第5封 馬車での独り言
──時は少し遡り。
「話が違います」
リナンが全幅の信頼を寄せている近衛騎士、シラストが、半目で呟いた。
リナンは馬車の椅子に寝そべり、大きな欠伸を零して、目尻に浮かんだ涙を拭う。
「あ? 何がだよ」
「オービス第一王女殿下ですよ! あんなに美人だなんて聞いてません!!」
シラストが頬を染めながら、片手で顔を覆った。惚れっぽい部下のことである。突如目の前に現れた女に、顔面を必死に取り繕っていた事だろう。
まぁ第一王女侍女殿下の噂話だけを聞いていれば、近衛騎士の反応も仕方がない。
生成りの地味なドレスであっても、美しいペールオレンジの髪と、柔らかなメイズの瞳に、目鼻立ちの良さは損なわれない。品の良さを醸し出しながら、声を掛ければ年相応にあどけなさもあった。
同世代の異性らは、すっかり気後れして顔も合わせられず、同性からは、妬み
相手の美醜に特別興味がないリナンでさえ、何ともまぁ美人な女だと思ったくらいである。
それはそれとして、目的が済んだので早々に切り上げてきたが、本当に七面倒な社交場であった。
テトラは別格だが、見目の良いリナンは会場にいるだけで、王女や令嬢の的になる。探し人はあっという間に会場から姿を消すし、かなり時間を無駄に過ごした感覚がした。
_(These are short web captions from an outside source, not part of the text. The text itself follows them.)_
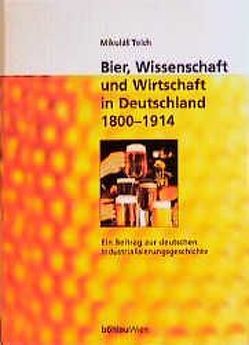 Bier, Wissenschaft und Wirtschaft in Deutschland 1800-1914 von Teich,  Mikulás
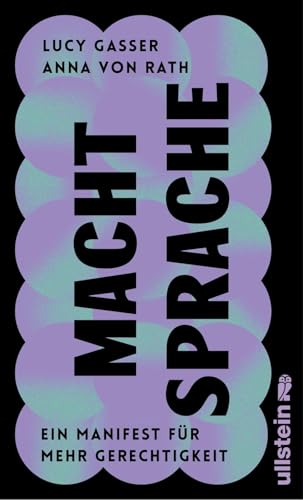 Lucy Gasser - Macht Sprache: Ein Manifest für mehr Gerechtigkeit Strategien für ein sensibles, diskriminierungsarmes Sprechen (Reihe: Wie wir leben wollen: herausgegeben von Silvie Horch) - Preis vom 09.10.2026 07:28:09 h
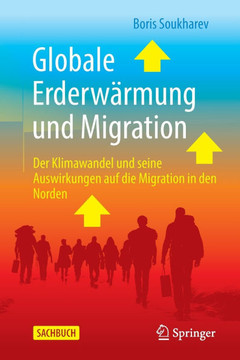Globale Erderw?rmung Und Migration: Der Klimawandel Und Seine Auswirkungen Auf Die Migration in Den Norden
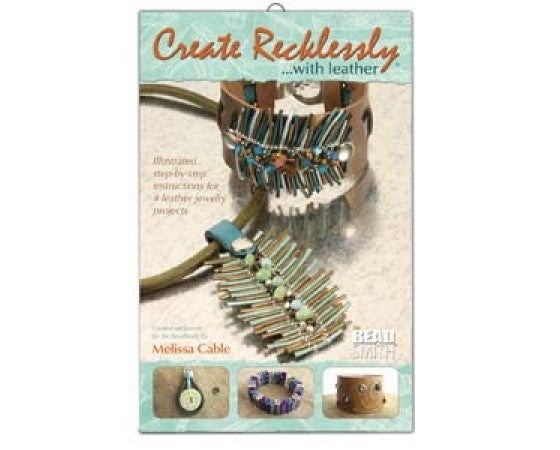 BeadSmith - Create Recklessly with Leather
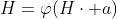 H=\varphi(H\cdot a)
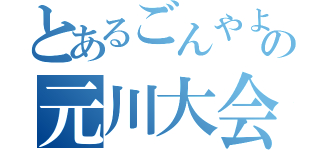 とあるごんやよの元川大会（）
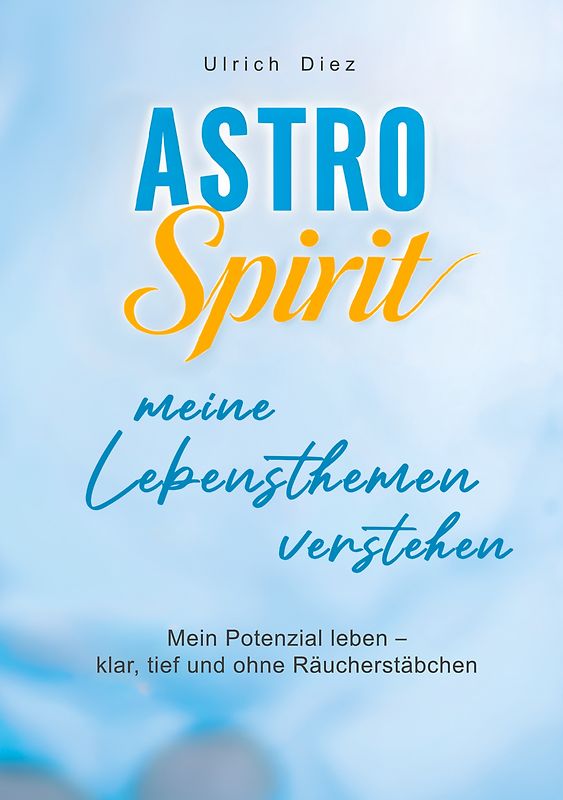Astro Spirit - meine Lebensthemen verstehen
リナンはベルトを緩め、シャツの裾すら外に出した格好で、馬車の窓枠に踵を乗せる。
ようやく意識が戻ってきたシラストが、小言を言いつつ、しかし普段とは違い憤りすら感じさせる顔で、リナンを睨め付けた。
「リナン殿下。あのように、取り引き紛いの事をしては、あまりに王女殿下を軽視しているのでは」
「別に構いやしねぇだろ。嫌だったら断ればいい話だ」
リナンが重い腰をあげデビュタントに参加した理由は、同じ年にデビュタントを迎えるテトラに、婚約を申し入れたかったから。その目的は滞りなく達成された。
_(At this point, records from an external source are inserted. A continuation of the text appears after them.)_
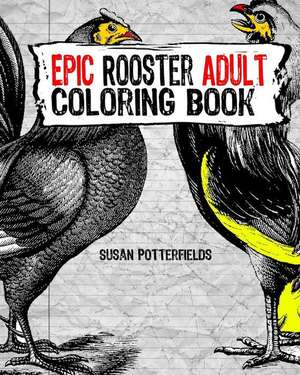 Epic Rooster Adult Coloring Book de Susan Potterfields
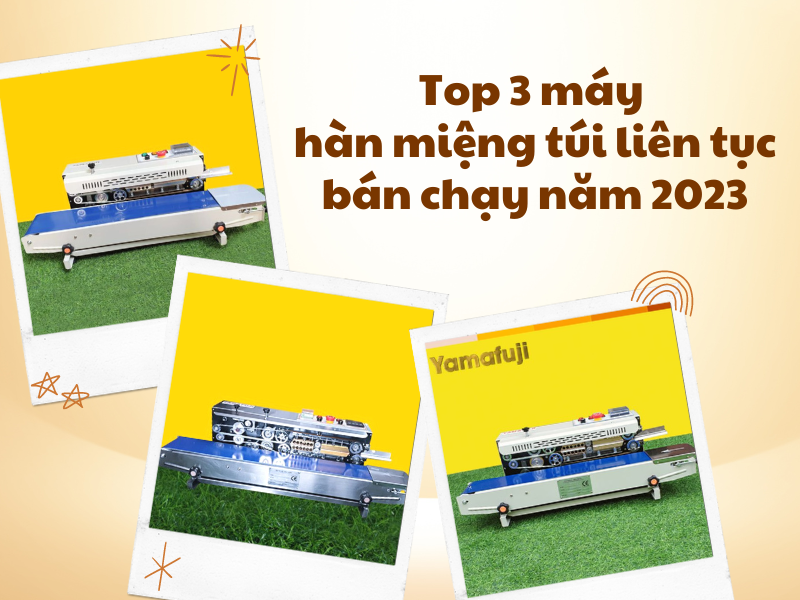 Top 3 máy hàn miệng túi liên tục bán chạy năm 2023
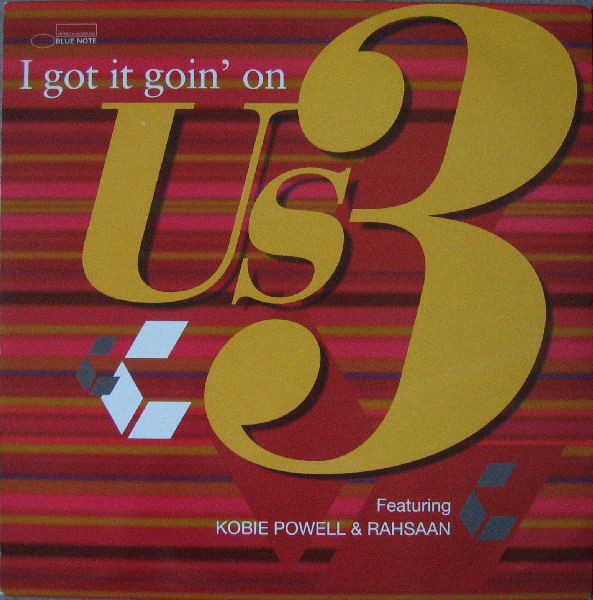 Us3 Featuring Kobie Powell & Rahsaan - I Got It Goin' On | Capitol Records (12CL 708)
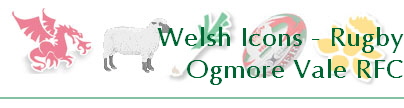 Welsh Icons - Rugby
Ogmore Vale RFC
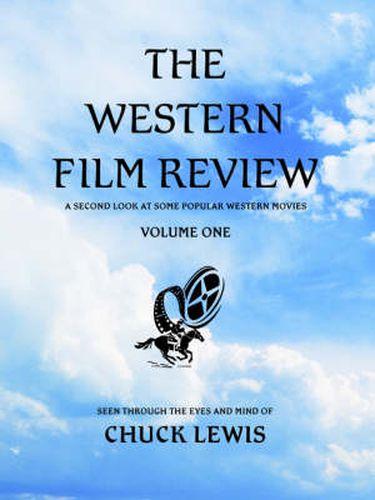 Cover image for The Western Film Review: A Second Look At Some Popular Western Movies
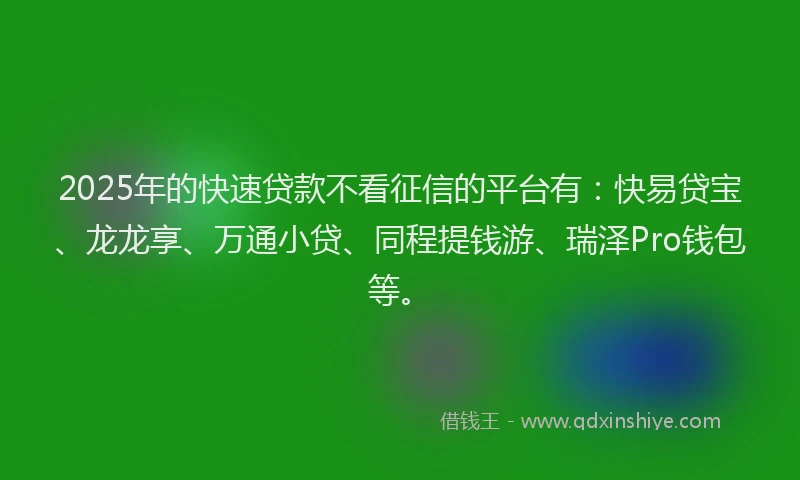 2025年的快速贷款不看征信的平台有：快易贷宝、龙龙享、万通小贷、同程提钱游、瑞泽Pro钱包等。
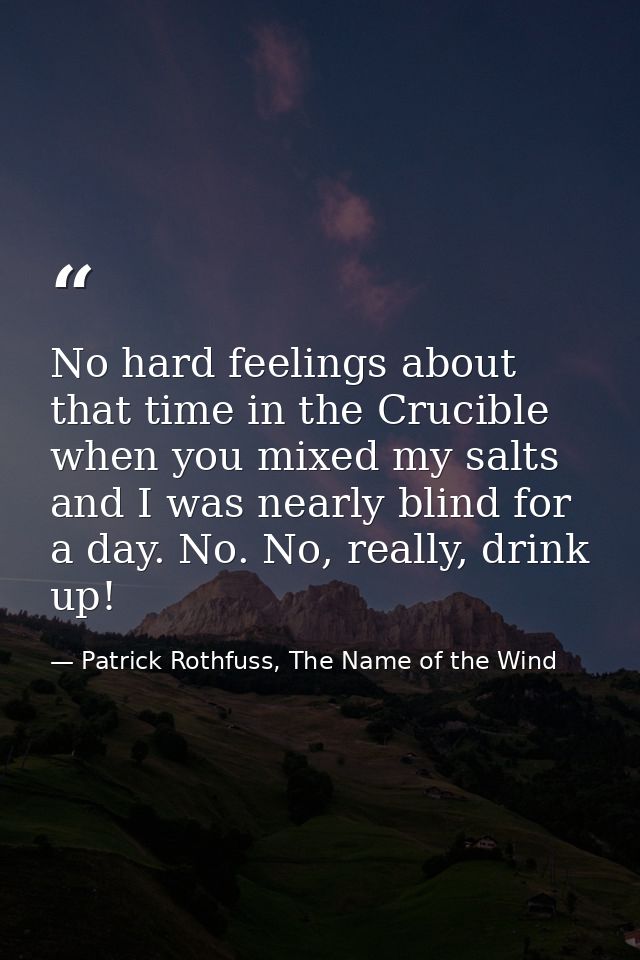 No hard feelings about that time in the Crucible when you mixed my salts and I was nearly blind for a day. No. No, reall — Patrick Rothfuss, The Name of the Wind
テトラに話した内容に嘘はなく、リナンは本当に、婚約者兼侍女を探していたのである。
この婚約が成立すれば、外野でとやかく言ってくる輩も減るだろう。彼女はその予防線でもあり、確かな働きを期待していた。
しかし、ごく一般的な感覚のシラストが、良い感情を抱かないことも、主人として分かっているつもりである。
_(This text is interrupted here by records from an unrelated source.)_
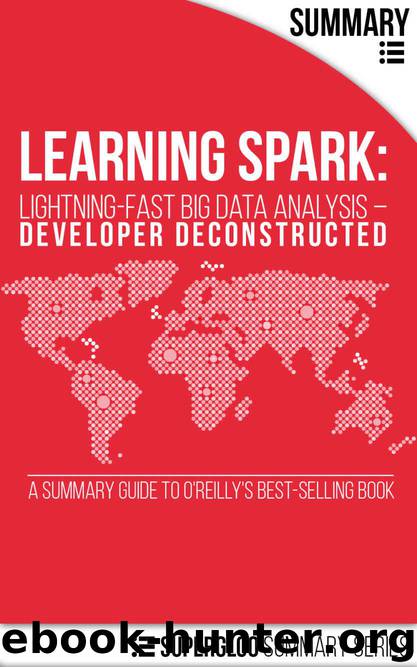 Learning Spark Summary: Lightning-Fast Big Data Analytics - Developer Deconstructed by McGrath Todd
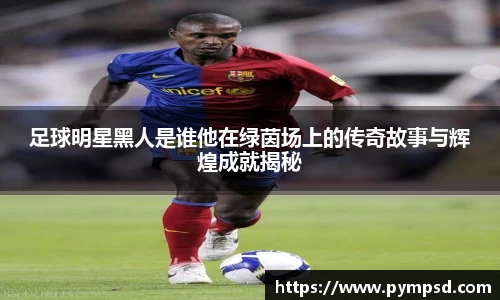 足球明星黑人是谁他在绿茵场上的传奇故事与辉煌成就揭秘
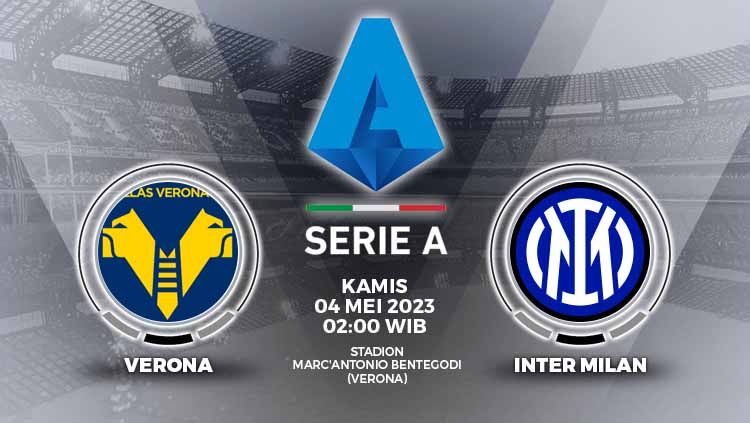 Prediksi Liga Italia (Serie A) antara Hellas Verona vs Inter Milan sajikan peluang emas Nerazzurri gulingkan Juventus dari peringkat ketiga klasemen. Copyright: © Grafis: Yuhariyanto/INDOSPORT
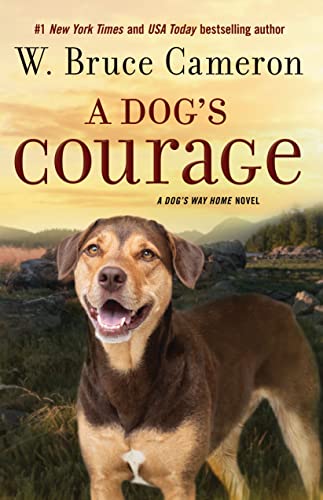 Stock image for Dog's Courage (A Dog's Way Home Novel, 2) for sale by Dream Books Co.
「心配すんな。ちゃんと必要な金は出す。ナンフェア王国が財政難なのは分かってるしな」
「そう言うところですよ!? 相手は一国の姫ですよ、まるで身売りさせるような……あんな可憐な姫君に、……うぅ、罪悪感で吐きそう……」
「ウルセェな……」
赤い顔から一転して、青い顔で口を押さえる近衛騎士に、リナンは心底辟易した。
双方の合意を持って決まる婚姻である。テトラが納得すれば万事解決だ。その為に
リナンは片腕で顔を覆いながら、目蓋を閉じる。
「……あー面倒くせ……早く傍に置いときてぇな……」
掠れた独り言に、シラストは反応しかけて、口を噤む。
帰路に向けて、車窓からは街並みが流れていく。
視線を上げても四角く切り取られた夜空に、言いようのない不快感が胸へ渦巻くようだった。